**What you are asked to do**
Starting at the first line of the records below, reproduce every line up to and including the line with "Honestly it's quite", but leave out all pictures.
+===+
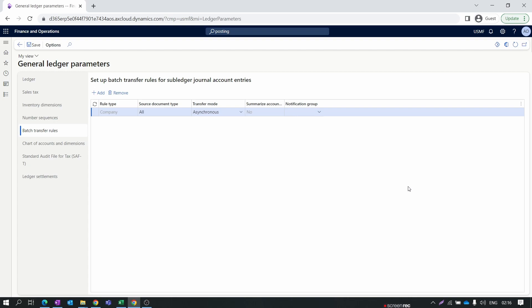From the next video we will move to purchase order creation and the purchase order process. In that future episode I will demonstrate the whole process of voucher entry posting. Stay tuned, subscribe to our channel, and thank you for watching.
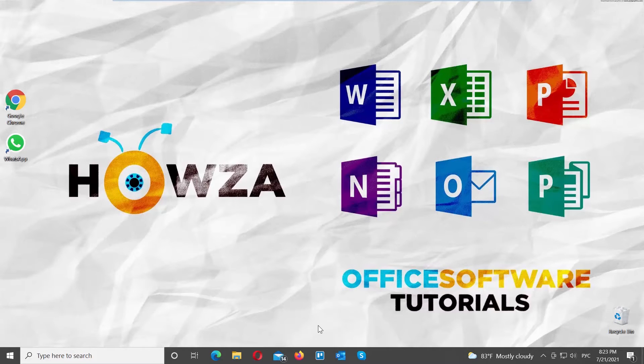Hey! Welcome to Howza Channel. In today's tutorial, you will learn how to delete chat in WhatsApp Desktop App.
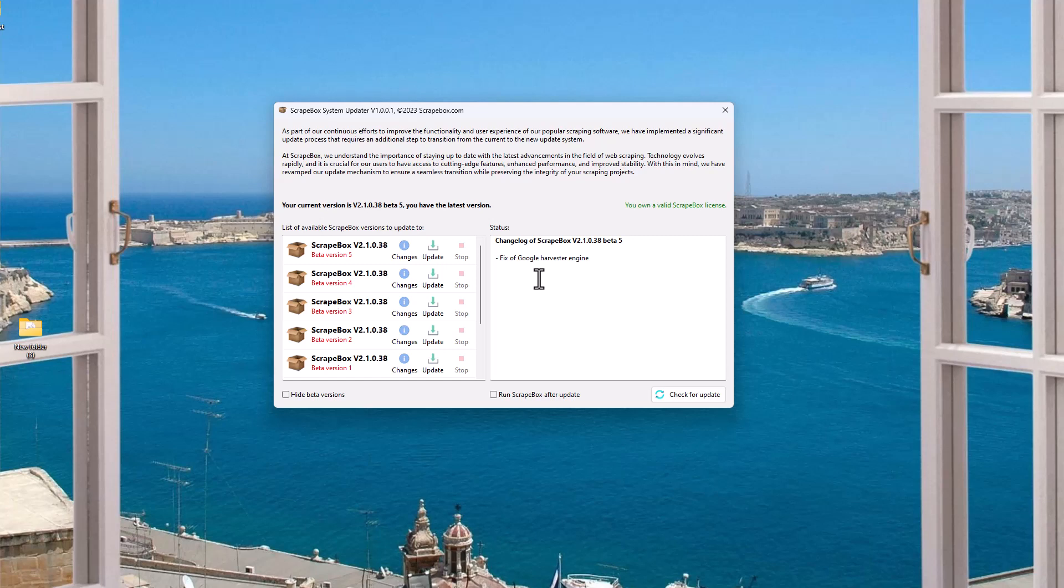So now Scrapebox came along very promptly and fixed it. So now if you update to at least beta five, then that will fix the Google Harvester engine. So it's super useful, obviously, that I want to be able to get to fixing Google. Now, if you're not using Google to harvest, then it's kind of mute point.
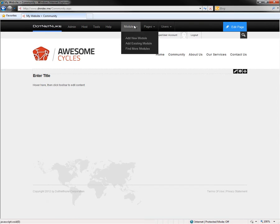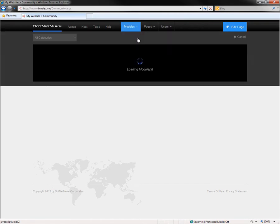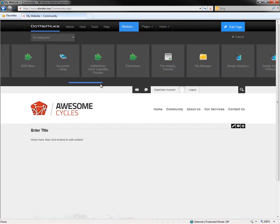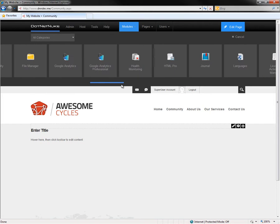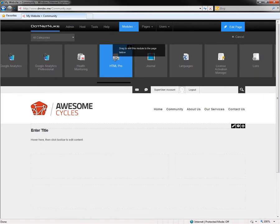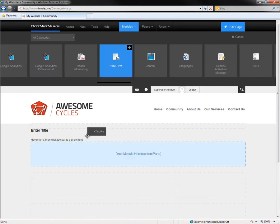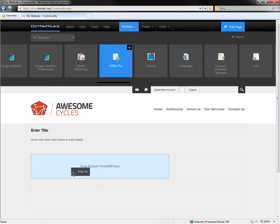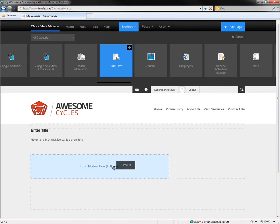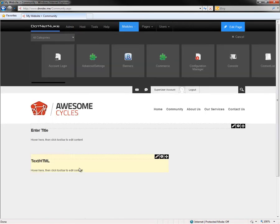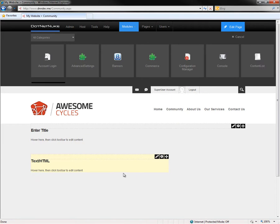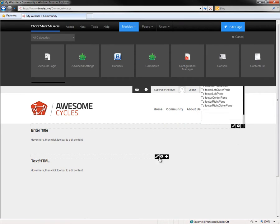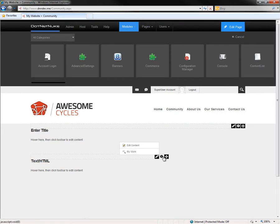I'm going to do that by mousing over the modules menu, clicking on add new module. Then I'm going to scroll within the list of modules to find the HTML Pro module. I'm going to click on that module and drag the module down to this left pane. And as I drag the module around, I can see that I can place the module into a variety of panes on the page. When I let go of my mouse, that will then add the module into the pane. And we can see we have two modules currently on the page available to us based on these action menus.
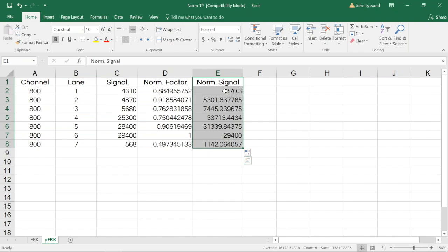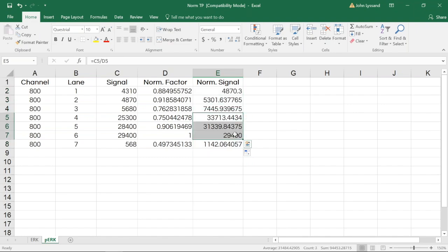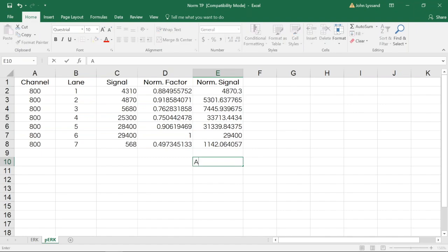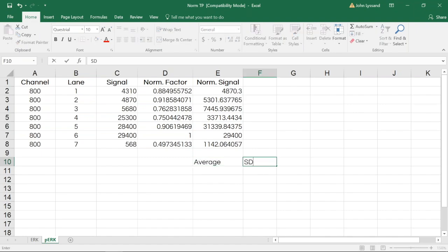In this example, lanes 1 through 3 are replicates, and lanes 4 through 6 are replicates of one another. From here, we can use Excel functions to calculate what the average of these three replicates and standard deviations are.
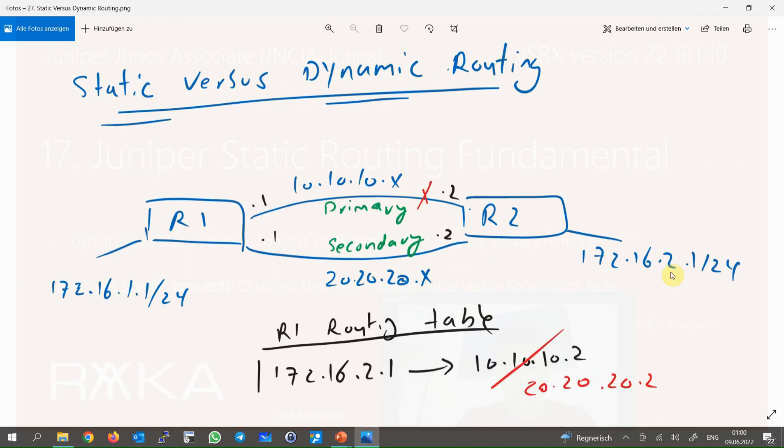Router R2 also needs to know that the route to destination 172.16.1.0 is through Router R1 with next hop IP address 10.10.10.1. Otherwise, these two networks, 172.16.1.0 and 172.16.2.0, cannot communicate with each other. Routes to destinations can be statically configured in routers or created dynamically using routing protocols such as OSPF and BGP.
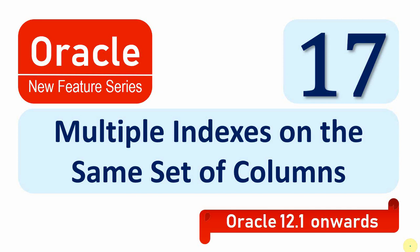Welcome to Oracle new feature video series. In this video we'll see another important new feature called creating multiple indexes on the same set of columns.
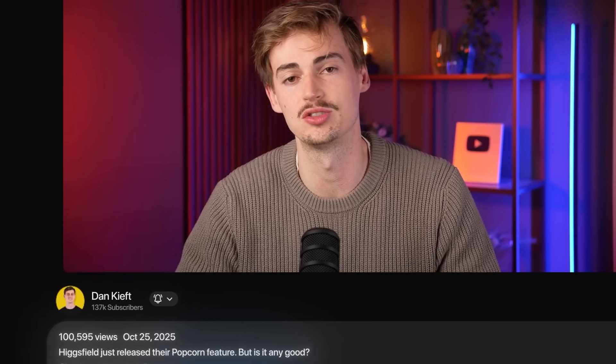Honestly it's quite impressive what you can do with this new Popcorn feature. On top of that you can also make images and videos with Higgsfield. If you want to try it out, I'll leave the link in the description below. If you want to learn how to do more with Higgsfield, click the video on screen right now and I'll teach you how to make AI VFX using Higgsfield.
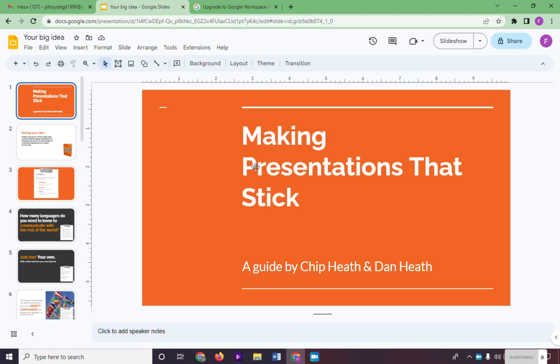Hi. In this video, I will show you how to make a voiceover for Google Slides on Murph AI. First, go to your Google Slides and make sure that you already finish your Google Slide presentation.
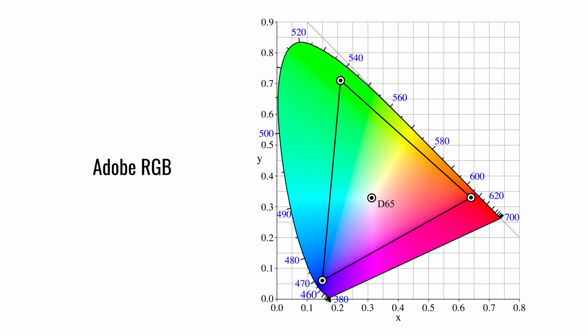AdobeRGB, as you may have guessed, was created by Adobe. It was designed to support most of the colors used by CMYK printers. It supports more colors than sRGB, specifically cyan-green hues near the top of the triangle.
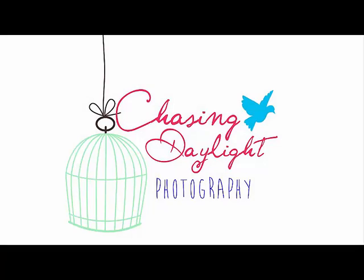Hey everyone! This is Amanda Campbell with Chasing Daylight Photography. I hope you enjoy this Photoshop tutorial and if you have any questions for me please email me at ChasingDaylightPhotos at gmail.com.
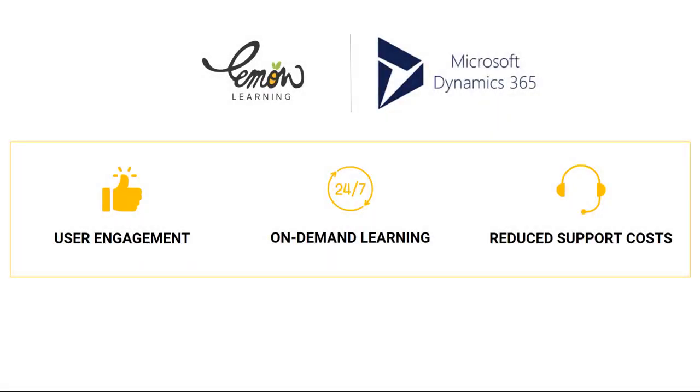With Lemon Learning, engage users with personalized Dynamics 365 training courses. Provide on-demand learning and real-time assistance. Increase Dynamics 365 adoption and reduce support costs.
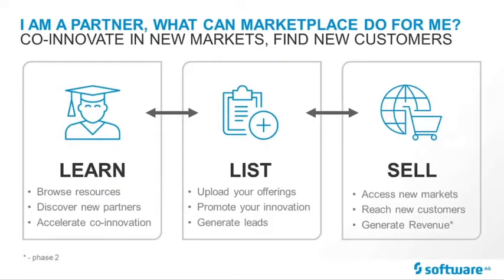For partners, the goal is to learn as well as engage with other complementary partners who can help you further your own products and solutions. But, of course, the Marketplace is also a channel, a channel to list and promote your offerings as well as to create new leads, reach new markets, and ultimately to sell.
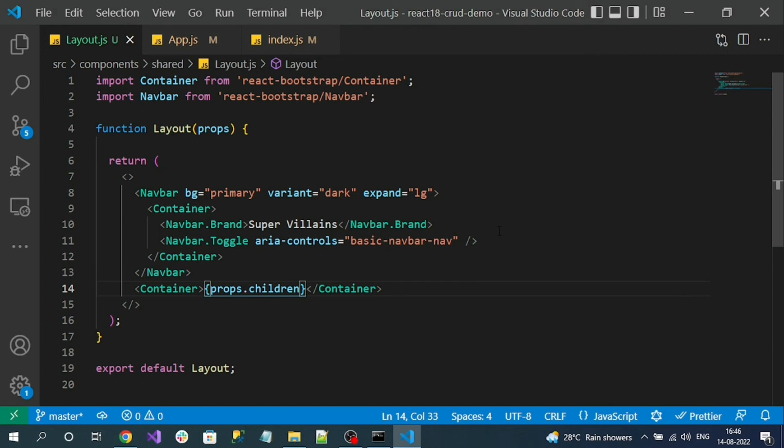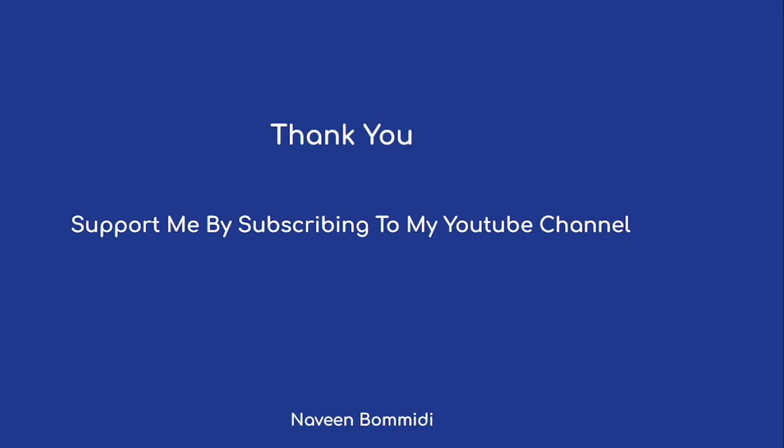Next we are going to create the .NET 6 Web API application. Thank you for watching this video. I hope it delivered some useful information. If you like the content, please support me by subscribing to the channel. See you in the next video.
+===+
**Solution to this exercise**
From the next video we will move to purchase order creation and the purchase order process. In that future episode I will demonstrate the whole process of voucher entry posting. Stay tuned, subscribe to our channel, and thank you for watching.
Hey! Welcome to Howza Channel. In today's tutorial, you will learn how to delete chat in WhatsApp Desktop App.
So now Scrapebox came along very promptly and fixed it. So now if you update to at least beta five, then that will fix the Google Harvester engine. So it's super useful, obviously, that I want to be able to get to fixing Google. Now, if you're not using Google to harvest, then it's kind of mute point.
I'm going to do that by mousing over the modules menu, clicking on add new module. Then I'm going to scroll within the list of modules to find the HTML Pro module. I'm going to click on that module and drag the module down to this left pane. And as I drag the module around, I can see that I can place the module into a variety of panes on the page. When I let go of my mouse, that will then add the module into the pane. And we can see we have two modules currently on the page available to us based on these action menus.
In this example, lanes 1 through 3 are replicates, and lanes 4 through 6 are replicates of one another. From here, we can use Excel functions to calculate what the average of these three replicates and standard deviations are.
Router R2 also needs to know that the route to destination 172.16.1.0 is through Router R1 with next hop IP address 10.10.10.1. Otherwise, these two networks, 172.16.1.0 and 172.16.2.0, cannot communicate with each other. Routes to destinations can be statically configured in routers or created dynamically using routing protocols such as OSPF and BGP.
Welcome to Oracle new feature video series. In this video we'll see another important new feature called creating multiple indexes on the same set of columns.
Honestly it's quite impressive what you can do with this new Popcorn feature. On top of that you can also make images and videos with Higgsfield. If you want to try it out, I'll leave the link in the description below. If you want to learn how to do more with Higgsfield, click the video on screen right now and I'll teach you how to make AI VFX using Higgsfield.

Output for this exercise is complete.